# Laguna moving sale



## DesertRatTom (Jul 3, 2012)

California drove another business out. Laguna Tools is moving to Texas. They are selling off all kinds of tools so they don't have to move them. If you have always wanted that Laguna, check them out. They are located in Orange County, CA, close to the coast, so if you can pick up, you might pick up a serious bargain.


----------



## dirt_dobber (Jun 9, 2017)

Thanks for posting this Tom -
I really like their tools - I now saw they are moving to a 115,000 square foot manufacturing facility and showroom in Grand Prairie, Texas.
Not to far from Ft. Worth where one of my son's live - now I have another reason to visit.


----------



## DesertRatTom (Jul 3, 2012)

dirt_dobber said:


> Thanks for posting this Tom -
> I really like their tools - I now saw they are moving to a 115,000 square foot manufacturing facility and showroom in Grand Prairie, Texas.
> Not to far from Ft. Worth where one of my son's live - now I have another reason to visit.


I've been to their So. Cal. facility three times, each was a real treat. They have a show room with tools in it. I also got to see the machine that sharpens their Resaw King blades. The CEO is a European engineer which explains why their tools are so well made. I went there with a friend to buy his 17 inch Italian band saw, and was amazed by the heavy duty bearings in the saws. They were enormous compared to every other brand I've seen, even the fourteen/12 saw has heavy duty bearings. Go visit, you can even buy something there.


----------



## papasombre (Sep 22, 2011)

Hi, Tom.

Maybe it is too late. I just saw your post. Is there any on line link for that sale?


----------



## DesertRatTom (Jul 3, 2012)

papasombre said:


> Hi, Tom.
> 
> Maybe it is too late. I just saw your post. Is there any on line link for that sale?


Not sure, but you can look on their website, https://lagunatools.com/

The selection might be a little picked over by now.


----------



## DesertRatTom (Jul 3, 2012)

papasombre said:


> Hi, Tom.
> 
> Maybe it is too late. I just saw your post. Is there any on line link for that sale?


Just discovered a fresh email from Laguna. Their sale ends June 15, which must be moving day. By the way, their present location is not too far from Laguna Beach, one of the nicest, most crowded seaside cities around.


----------



## RainMan 2.0 (May 6, 2014)

Why does all the good stuff gotta be down south . I’d love to have one of their bandsaws


----------



## tulowd (Jan 24, 2019)

Oh crap, spent two days near Lagunas facility in January during my 2 week business trip in SoCal. 
Shoulda dropped in, oh well.

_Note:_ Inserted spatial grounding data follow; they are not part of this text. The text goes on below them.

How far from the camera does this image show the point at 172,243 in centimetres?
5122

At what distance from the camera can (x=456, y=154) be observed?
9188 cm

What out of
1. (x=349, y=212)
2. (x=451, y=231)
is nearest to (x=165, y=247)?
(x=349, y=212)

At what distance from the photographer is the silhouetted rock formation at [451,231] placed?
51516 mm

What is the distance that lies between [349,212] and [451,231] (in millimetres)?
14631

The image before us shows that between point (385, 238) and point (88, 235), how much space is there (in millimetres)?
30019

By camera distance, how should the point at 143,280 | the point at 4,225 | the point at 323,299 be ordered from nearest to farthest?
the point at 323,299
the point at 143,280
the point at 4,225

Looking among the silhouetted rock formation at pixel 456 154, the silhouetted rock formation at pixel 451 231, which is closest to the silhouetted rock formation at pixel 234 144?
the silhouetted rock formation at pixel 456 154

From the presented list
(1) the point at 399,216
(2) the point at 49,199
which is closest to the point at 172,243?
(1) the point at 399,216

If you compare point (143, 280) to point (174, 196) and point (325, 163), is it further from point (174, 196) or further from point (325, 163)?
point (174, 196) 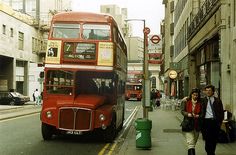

Will be in Texas sometime after the lockdown ends, so will head to the new facility then.

Thx for the heads up.


----------



## Herb Stoops (Aug 28, 2012)

RainMan 2.0 said:


> Why does all the good stuff gotta be down south . I’d love to have one of their bandsaws


Texas is more business friendly than California,I have read.
Just saying,
Herb


----------



## DesertRatTom (Jul 3, 2012)

Herb Stoops said:


> Texas is more business friendly than California,I have read.
> Just saying,
> Herb


By a huge margin. Don't understand why the big computer companies are based here, except for the probability their bribes (oh, political contributions) buy them more special treatment and tax breaks.


----------



## old55 (Aug 11, 2013)

Welcome to the forum @dionbruin


----------



## DesertRatTom (Jul 3, 2012)

Hi @*dionbruin, glad you decided tojoin the fun. I haven't come to grips yet with selling my tools, can't really use all of them anymore. Hmmmmm.
*
,


----------



## jw2170 (Jan 24, 2008)

Welcome to the forum, Dion.


----------